“If there is any principle of the Constitution that more imperatively calls for attachment than any other, it is the principle of free thought—not free thought for those who agree with us but freedom for the thought that we hate.”
—Justice Oliver Wendell Holmes, Jr. dissent, United States v. Schwimmer
When Justice Holmes delivered this dissent in 1929, he wasn’t talking about the recent controversial comments by a “Duck Dynasty” reality star. He wasn’t talking about the Snowden NSA leaks. He wasn’t even talking about protestors flying the Confederate flag outside the White House. But at the same time, he was.
Constitutional protection of free speech is something most Americans take for granted. We can say whatever racist, homophobic, misogynist things we want without repercussion from the government, and some of us take wild advantage of this (Phil Robertson, I’m looking at you).
Where that freedom ends is when our speech presents a “clear and present danger” to others, which is one of many reasons Edward Snowden is considered a traitor for his surveillance disclosures. However we feel personally about what these individuals said, however we may disagree, there is still “freedom for the thought that we hate.”
Yes, I’m comparing the Constitutional rights of a reality TV star and a government whistleblower. And I’ll go a step further—how did you first hear about the “Duck Dynasty” or NSA controversies, respectively? I’m going to bet it was a headline, a news story, or a pundit’s opening monologue. It seems we have a theme here, folks, and that theme is First Amendment rights.

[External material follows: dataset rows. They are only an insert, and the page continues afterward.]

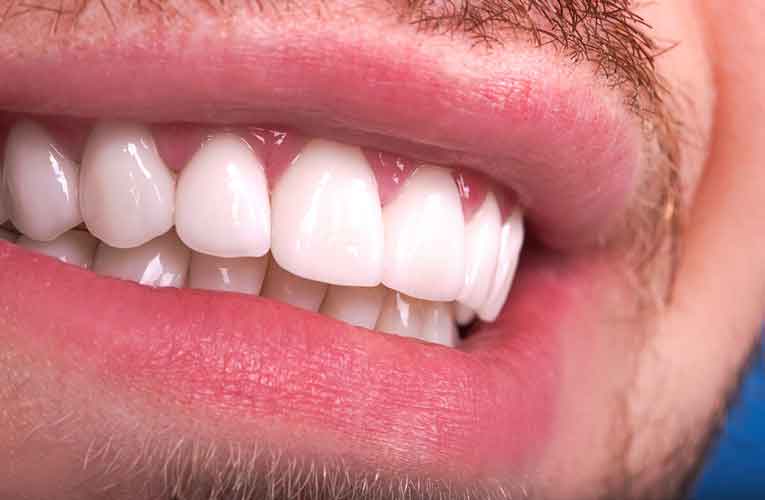 Neden Zirkonyum Diş Tedavisi?
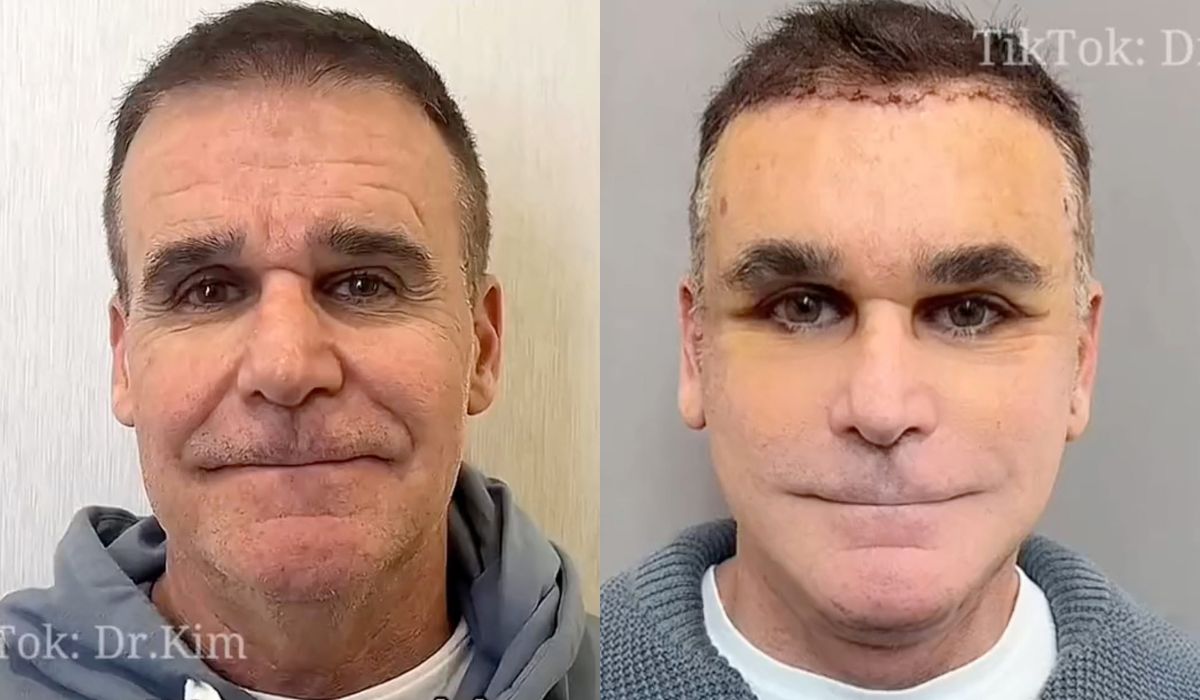 Operacje plastyczne koreańskiego lekarza stały się sławne, ale nie tak, jak chciał
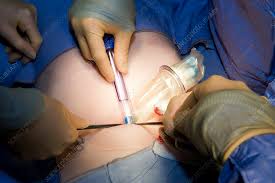 Inguinal Hernia Surgery: Mesh Options and Pricing in Mohali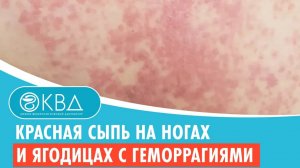?? Красная сыпь на ногах и ягодицах с геморрагиями. Клинический случай №611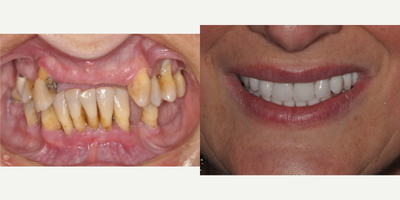 All-on-4 Dental Implants before and after photo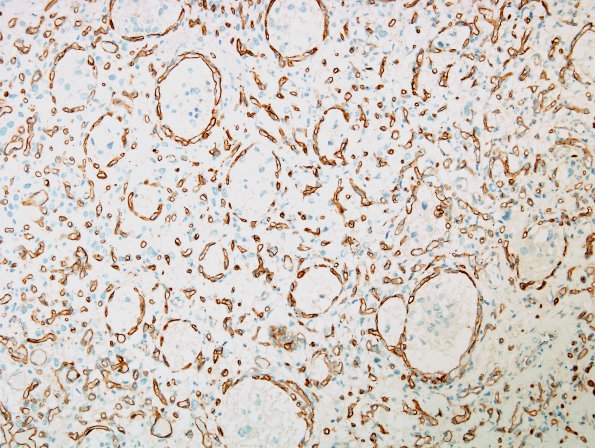 3C Hemangioblastoma (Case 3) CD34 1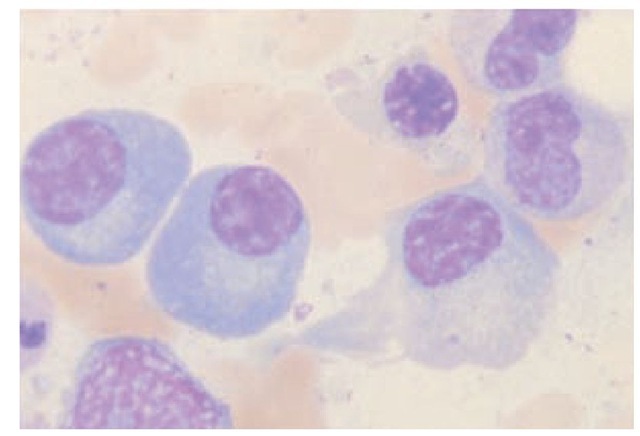 Plasma cells are the antibody-producing cells of the immune system. They differentiate from B cells; are 6 to 20 ^m in diameter; and have an eccentric nucleus, a highly basophilic cytoplasm, and a prominent, clear juxtanuclear area that contains the Golgi apparatus and the diplosome.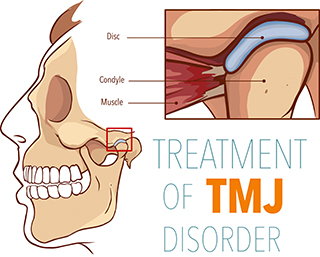 TMD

It’s these freedoms of speech and press that Anthony Lewis explored in a book that takes its title from the top quote, “Freedom for the Thought That We Hate: A Biography of the First Amendment.” I know, I know. Anything with the sub-heading “A Biography of the First Amendment” sounds like dusty reading. Lewis’ book is anything but. Lewis draws heavily from landmark court decisions but writes so clearly and succinctly that you’re never lost in a pit of legal prose. He gives you some Justices to root for throughout American history (like Holmes) and leads you all the way up to the post 9/11 era. Seriously, if you want to feel smarter for less than $10, it’s worth a read. And if the author’s name sounds familiar, maybe it’s because of his longtime NYT column, his two Pulitzers for journalism, or his recent sad death in March 2013.
I’m not going to go full book report on you, dear reader, but the most illuminating part of Lewis’ book for me was its emphasis on the evolution of our Constitutional rights. It’s not called a “Biography” for nothing. As Lewis writes in “Freedom,” “…in truth the freedoms of speech and of the press have never been absolutes. The courts and society have repeatedly struggled to accommodate other interests along with those.” Phil Robertson might have successfully sued papers for libel in the time of the Founders. In 1918 (when wartime sedition laws were in effect), it would have been criminal for The Washington Post to publish articles critical or disreputable of the US government, such as the NSA leaks.
But the “freedom for the thought that we hate” isn’t just a lucky strike in the modern era. Something Lewis touches on in his book, and which you can find in both the “Duck Dynasty” controversy and the NSA leaks is important social discussion. Lewis quotes a 2006 issue of The Economist, “The big danger is that, in the name of stopping bigots, one may end up by stopping all criticism.”
In a sense, we can’t have our Snowdens without our Phil Robertsons. But if that’s our First Amendment cross to bear, I’ll take it.